Nearly 14 million Australians now have access to some form of Pay TV / Subscription TV, up 11.8% on a year ago, according to Roy Morgan Research.
Over 11.2 million Australians have a Netflix subscription, up by 25.2% on a year ago.
Stan is the leading Australian-owned SVOD with over 2.6 million Australians -up an impressive 45.2% on a year ago.
YouTube Premium (formerly YouTube Red), now has over 1.2 million users, up 31.9% on a year ago and Fetch now has nearly 760,000 users, up by 9% on a year ago.
The largest increase was for Amazon Prime Video which more than doubled its user base over the last year by 116.7% to over 570,000.
Kayo Sports already reaches over 150,000 Australians.
Australian household users of Pay TV/Subscription TV services
3 months to February 2019 cf. 3 months to February 2018
Source: Roy Morgan Single Source, December 2017 – February 2018, n=11,750 Australians aged 14+ and December – February 2019, n=12,599 Australians aged 14+.

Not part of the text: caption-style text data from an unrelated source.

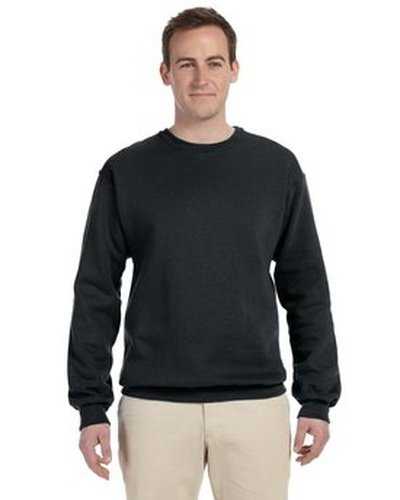 Fruit of the Loom 82300 Adult Supercotton Fleece Crew - Black - HIT a Double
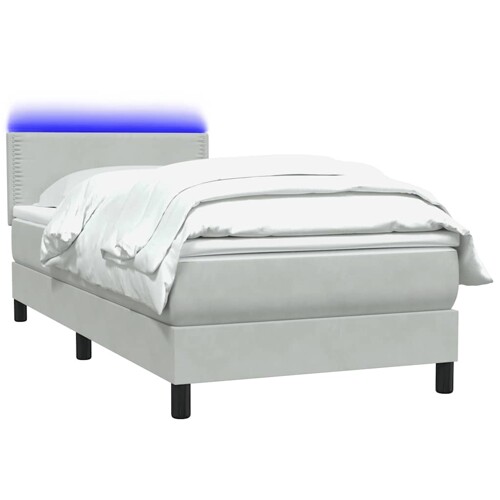 Box Spring krevet s madracem svijetlo sivi 90x210 cm baršun - NOVO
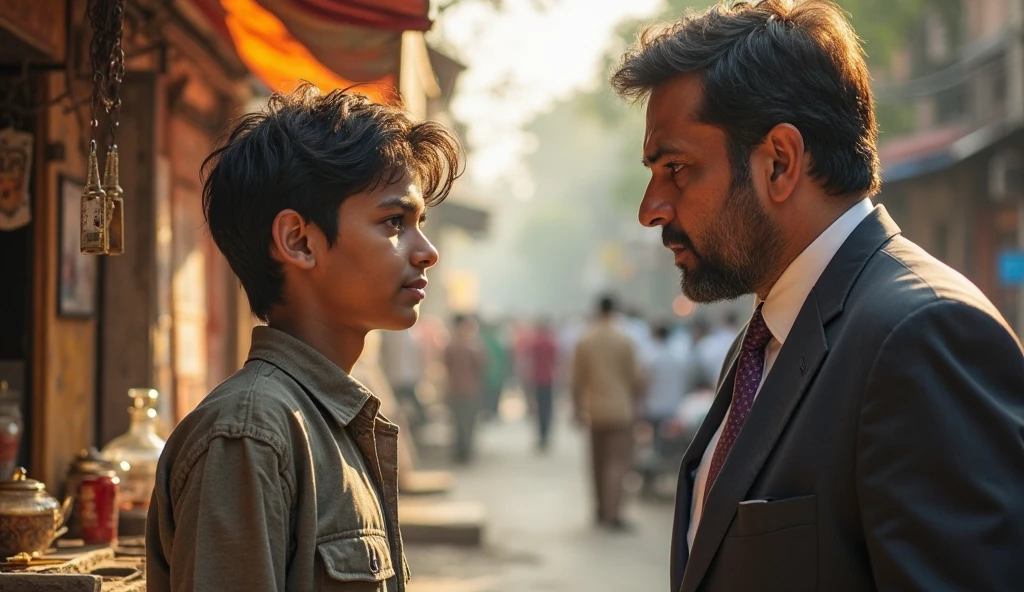 A poor boy looking at Rich man with the hope of help. But the rich man avoids eye contact with the boy and going away. Indian.
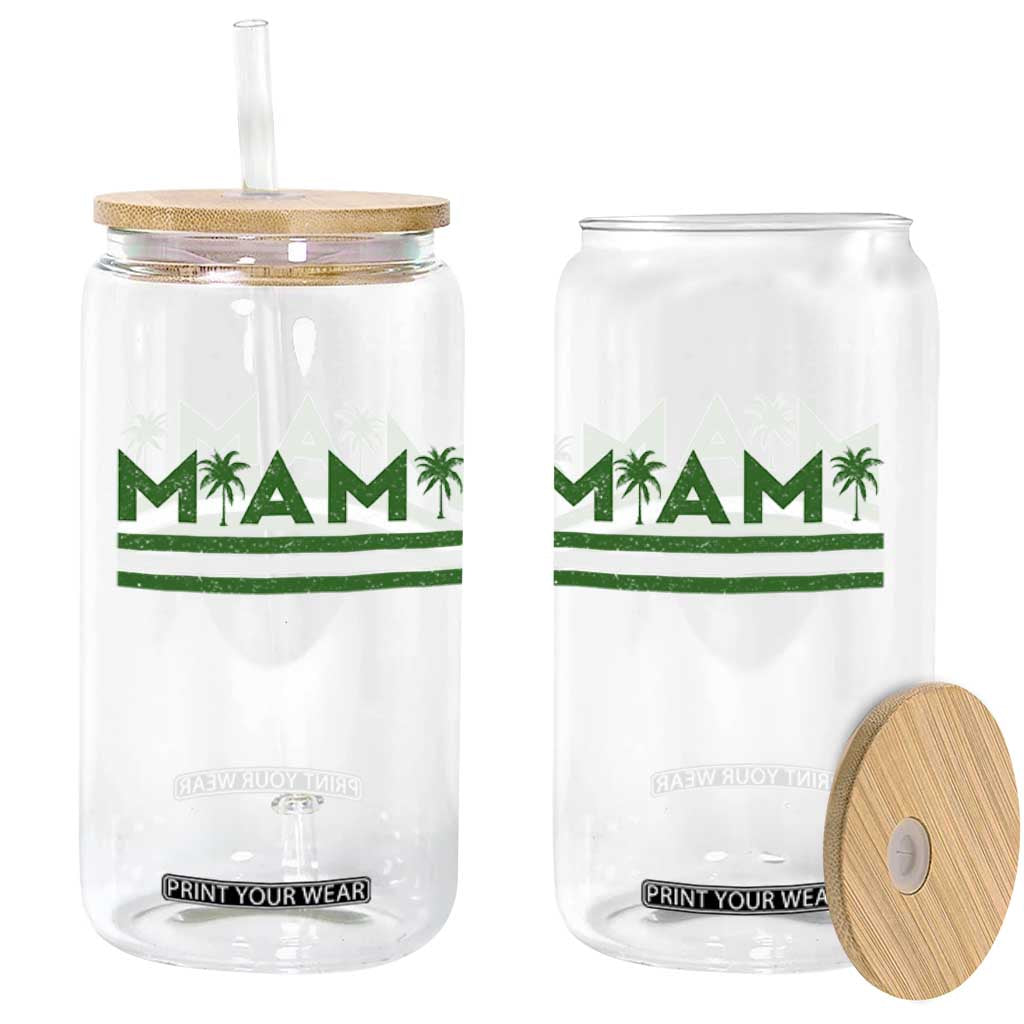 Retro Miami Palm Tree Glass Can Vintage South Florida Pride Distressed Orange and Green TS02 Print Your Wear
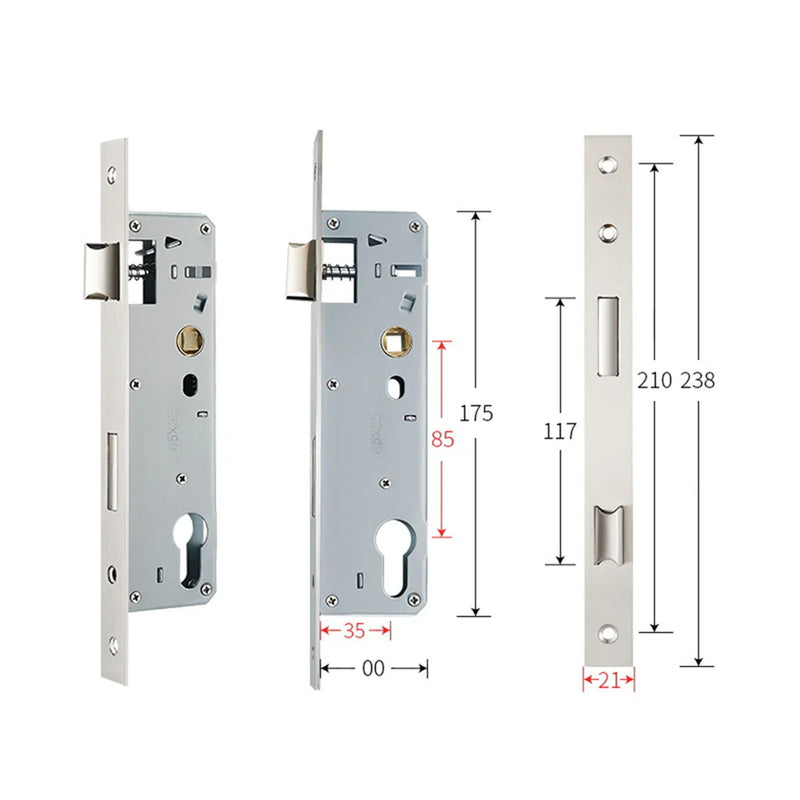 Serrure Encastrable Étroite Inox, Axe 20 à 40 mm, Entraxe 85 mm, 21 x 238 mm, vue 5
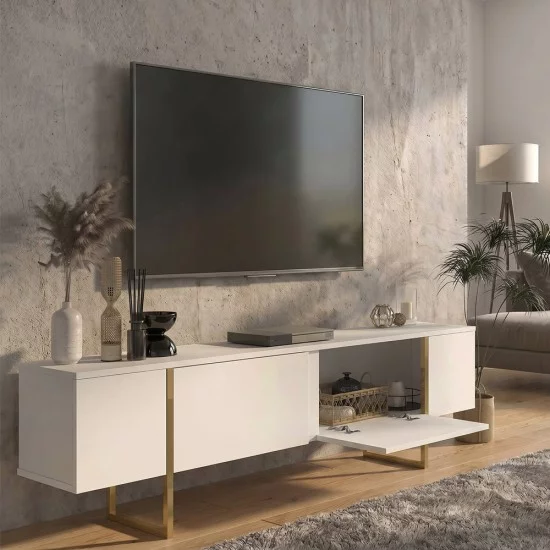 Έπιπλο τηλεόρασης Orontes  χρώμα λευκό - χρυσό 180x29,6x50εκ.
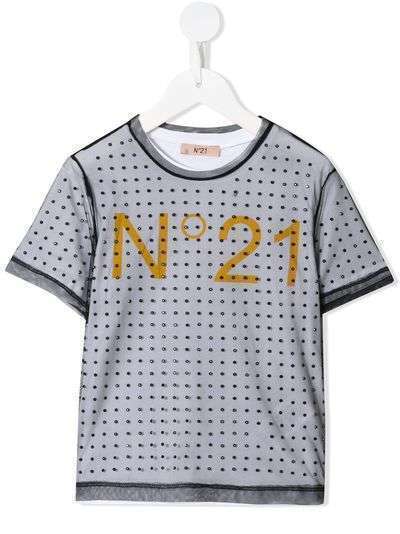 Nº21 Kids многослойная сетчатая футболка с логотипом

Michele Levine, CEO Roy Morgan, says: “Pay TV/Subscription TV services are an increasingly competitive marketplace in Australia. Going forward the battleground will be content and cost. To charge for a service there needs to be unique valued content e.g. live sport. Just this week we have learned that Australia’s leading football code the AFL has been approached by well-known global streaming giants about acquiring the rights for the AFL when the next rights deal begins in 2023.

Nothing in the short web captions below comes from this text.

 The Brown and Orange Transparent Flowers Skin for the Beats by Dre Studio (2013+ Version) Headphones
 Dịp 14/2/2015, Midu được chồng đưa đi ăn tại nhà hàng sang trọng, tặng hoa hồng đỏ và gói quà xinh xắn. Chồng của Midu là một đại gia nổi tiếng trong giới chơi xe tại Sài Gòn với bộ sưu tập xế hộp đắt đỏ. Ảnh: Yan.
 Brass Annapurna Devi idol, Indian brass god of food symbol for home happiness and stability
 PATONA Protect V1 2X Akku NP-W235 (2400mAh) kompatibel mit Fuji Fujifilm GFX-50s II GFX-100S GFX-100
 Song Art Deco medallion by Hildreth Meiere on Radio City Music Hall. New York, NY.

“Foxtel has recently launched its own live-sport streaming service Kayo Sports which now reaches over 150,000 Australians only a few months after being launched. The AFL & NRL seasons which are now beginning will provide a significant boost to Kayo Sports’ subscriber numbers.

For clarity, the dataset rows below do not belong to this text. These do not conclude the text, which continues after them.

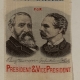 New Store Items 1884 CLEVELAND-HENDRICKS JUGATE RIBBON 2 1/2 X 5 1/4 SILK W/GRAPHICS NEAR MINT!
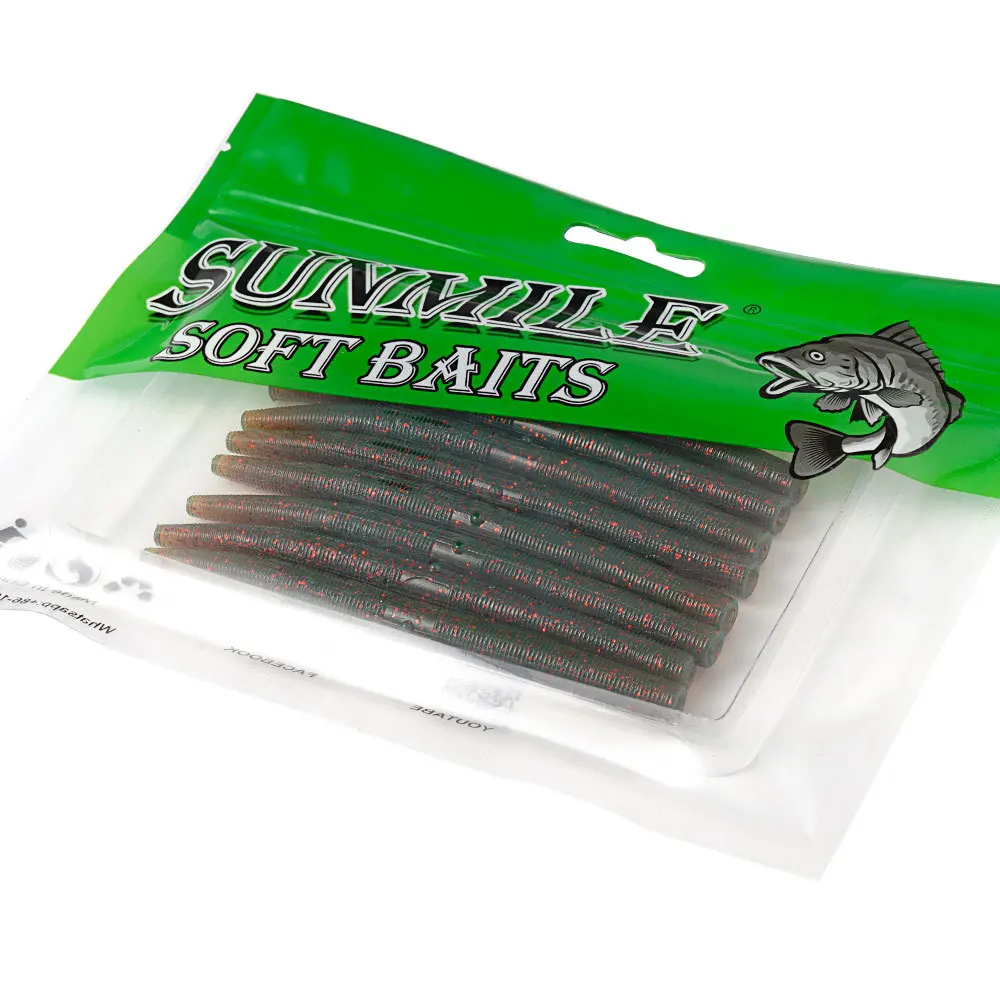 

Sunmile TPR Material 3 4 inch Senko Soft Plastics Worms Lure Wacky Rig Bass Fishing Bait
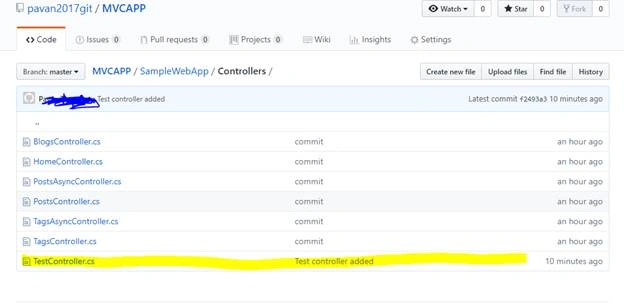 ASP.NET MVC Project Integration With Github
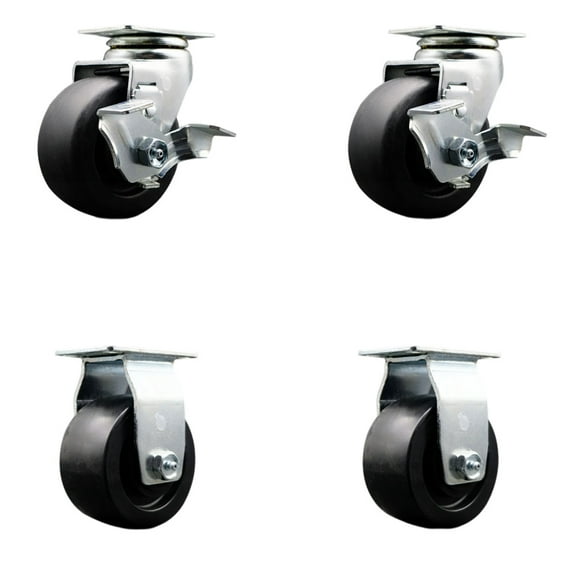 4 Inch Polyolefin Caster Set with Roller Bearings 2 Brakes 2 Rigid SCC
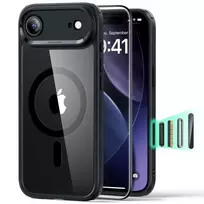 ESR Classic Hybrid Magsafe ir grūdinto stiklo iPhone 17 Air skaidrus/juodas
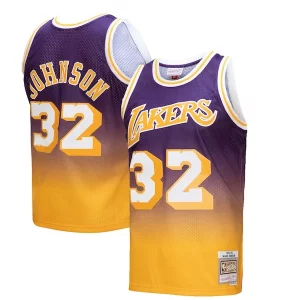 Splendido Magic Johnson Los Angeles Lakers 1984/85 Hardwood Classics Fadeaway Swingman Player Jersey Gold/Purple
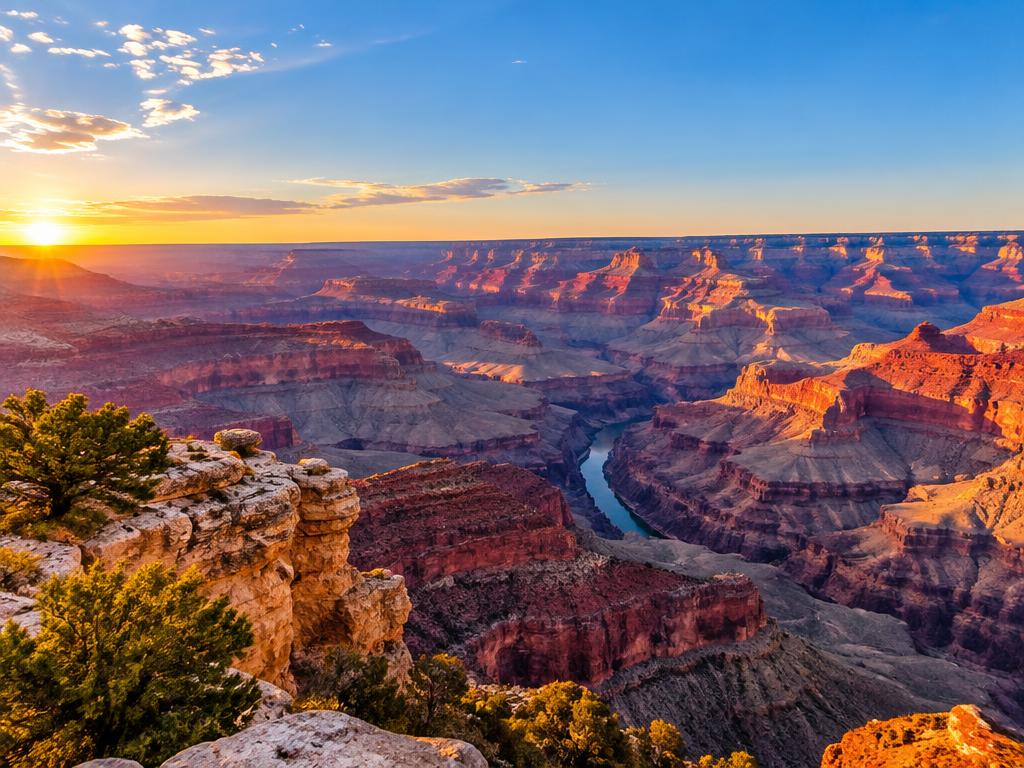 The Grand Canyon bathed in warm afternoon light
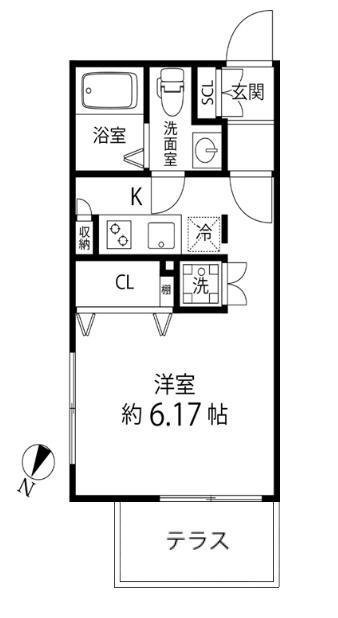 BRANCHE大森山王(ワンルーム/1階)の間取り写真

“Before the advent of Streaming Video on Demand services Foxtel enjoyed the benefit of inertia – but Australians are a mobile lot and Roy Morgan data shows around 1-in-6 Australians move house every year – and when we move house we make decisions about landlines, energy suppliers and Foxtel subscriptions.
“Analysis of Roy Morgan’s ‘Technology Adoption Segmentation’ shows that Foxtel had moved into the mainstream in its heyday. However, contemporary analysis shows that newer entrants to the market that were initially being adopted by ‘Early Adopters’ and ‘Digital Life’ are now becoming mainstream themselves.
“In its early days Foxtel was also being driven by families with children – with extra content focused on kids programs and educational programs etc. Now young people have so many more options they aren’t one of the factors pushing their parents to have Foxtel.
“One factor that remains in Foxtel’s favour is its almost ubiquitious use in pubs, clubs, hotels and other outlets around Australia for watching sport. These Foxtel subscriptions which may number in the hundreds of thousands are not captured in the Roy Morgan consumer data which concentrates on households. Many Australians who watch sport on Foxtel in pubs and clubs around Australia are themselves not subscribers to Foxtel although they do consume Foxtel outside the family home.”